POSTOPERATIVE CARE AND COMPLICATIONS
Postoperative wound care
Postoperative wound care varies considerably from surgeon to surgeon. Wounds reepithelialize more rapidly in a moist environment. Also, crust and eschar impede keratinocyte migration and retard the healing process. Therefore, most surgeons advocate maintaining a moist environment either with topical emollients and/or with semiocclusive dressings.
Postoperative wound care can follow an open or closed method. With the closed method, a semiocclusive dressing (usually involving hydrogel) is placed on the denuded skin. These wound dressings have been shown to accelerate the rate of reepithelialization by maintaining a moist environment. In addition, decreased postoperative pain has been reported with their use. However, some believe that occlusive dressings also yield a low-oxygen environment that may promote the growth of anaerobic bacteria, thereby causing infection and impeding wound healing. As such, many proponents of the closed technique now combine the use of semiocclusive dressings with topical emollients. Others simply advocate the use of an open postoperative method, involving the application of copious amounts of topical emollients to promote rapid reepithelialization without risking prolonged occlusion and inability to observe the wound surface.
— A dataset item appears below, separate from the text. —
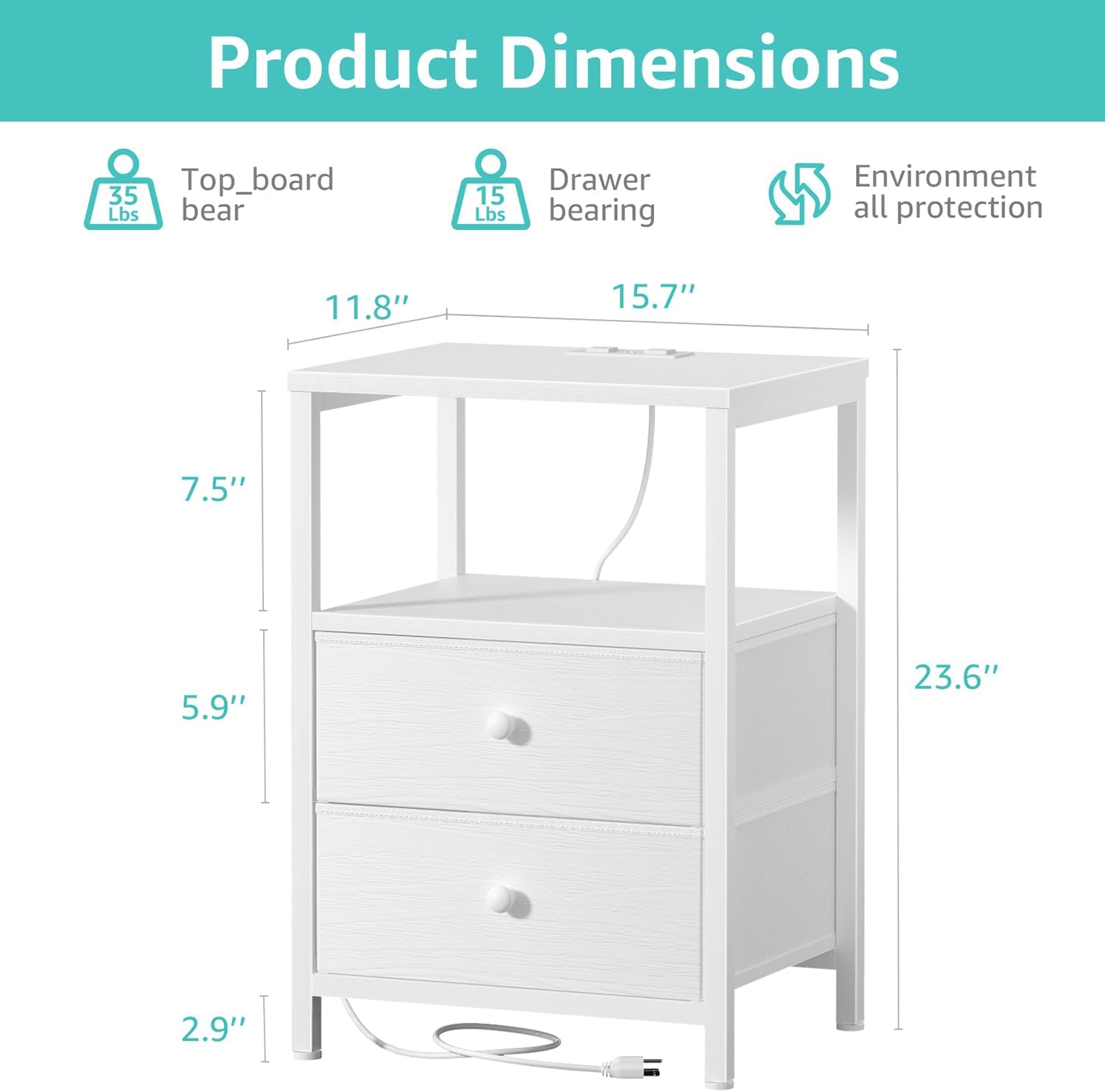 Alternative view of BOLUO White Nightstand with Charging Station, LED Night Stand with 2 Fabric Drawers, Bedside Table with USB Ports and Outlets, Nightstand for Bedroom Modern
Complications after laser resurfacing
Carbon dioxide laser resurfacing imparts a thermal injury to denuded skin. Therefore, side effects are expected and must be differentiated from complications. Nearly all patients encounter side effects ranging from postoperative pain and edema to pruritus and tightness.
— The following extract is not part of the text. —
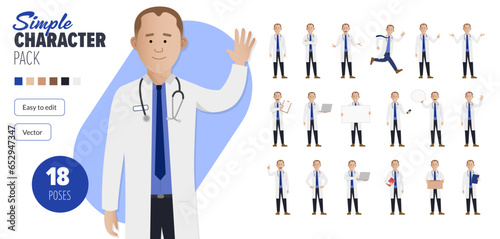 Simple flat male doctor man vector character in a set of multiple poses. Easy to edit and isolated on a white background. Modern trendy style character mega pack with lots of poses.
Mild complications sometimes occur and usually are of minimal consequence. Minor complications include milia formation, perioral dermatitis, acne and/or rosacea exacerbation, contact dermatitis, and postinflammatory hyperpigmentation. Moderate complications include localized viral, bacterial, and candidal infection, delayed hypopigmentation, persistent erythema, and prolonged healing. The most severe complications are hypertrophic scarring, disseminated infection, and ectropion. Early detection of complications and rapid institution of appropriate therapy are extremely important. Delay in treatment can have severe deleterious consequences, including permanent scarring and dyspigmentation.